PROMPT:
The answer must be an exact reprint of the lines from the one with "map of restaurants, bars, coffee" through the final line of the data, with no pictures included.

PROVIDED DATA:
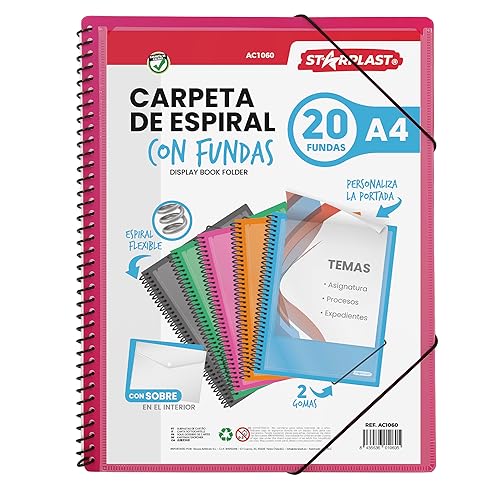 Pasta STARPLAST 1000-200 (Rosa - Polipropileno) Starplast - Pastas e capas de relatório - rosa, polipropileno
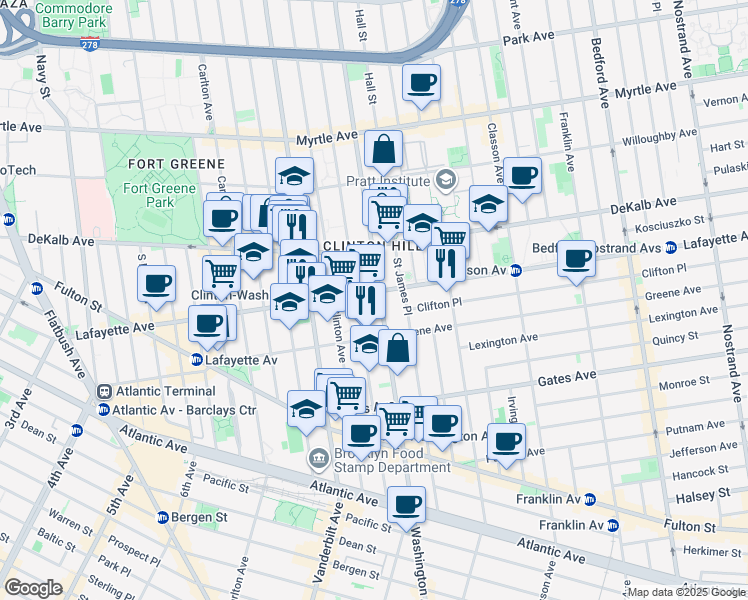map of restaurants, bars, coffee shops, grocery stores, and more near 255 Lafayette Avenue in Brooklyn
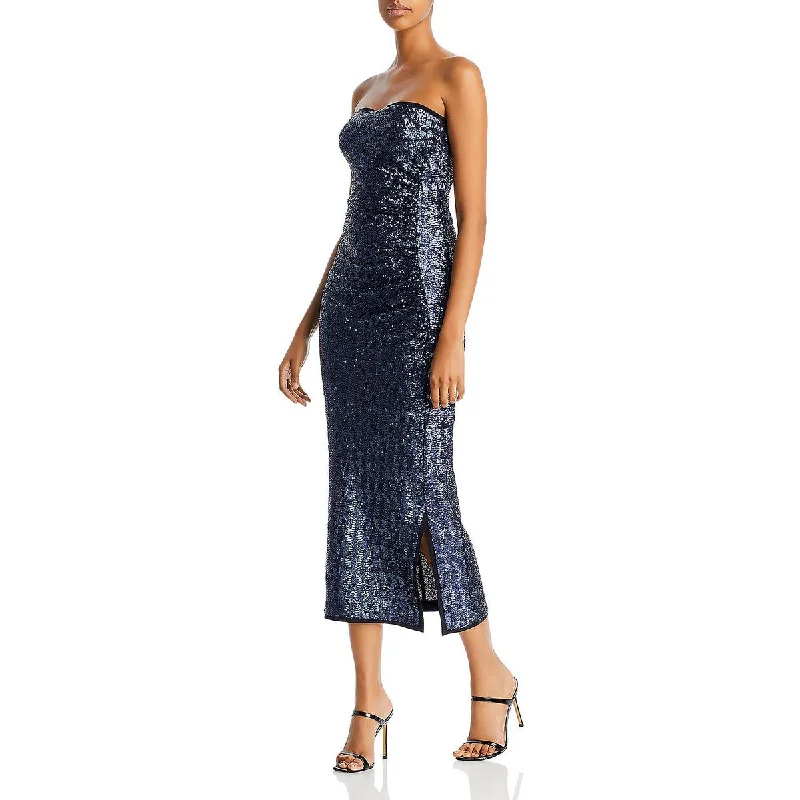 women's solid color dressesChiara Boni Womens Cigliafy Sequined Strapless Evening Dress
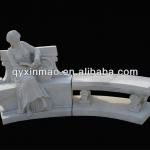 220cm long outdoor white marble bench-HX-ST2095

RESULT FOR THIS TASK:
map of restaurants, bars, coffee shops, grocery stores, and more near 255 Lafayette Avenue in Brooklyn
 women's solid color dressesChiara Boni Womens Cigliafy Sequined Strapless Evening Dress
 220cm long outdoor white marble bench-HX-ST2095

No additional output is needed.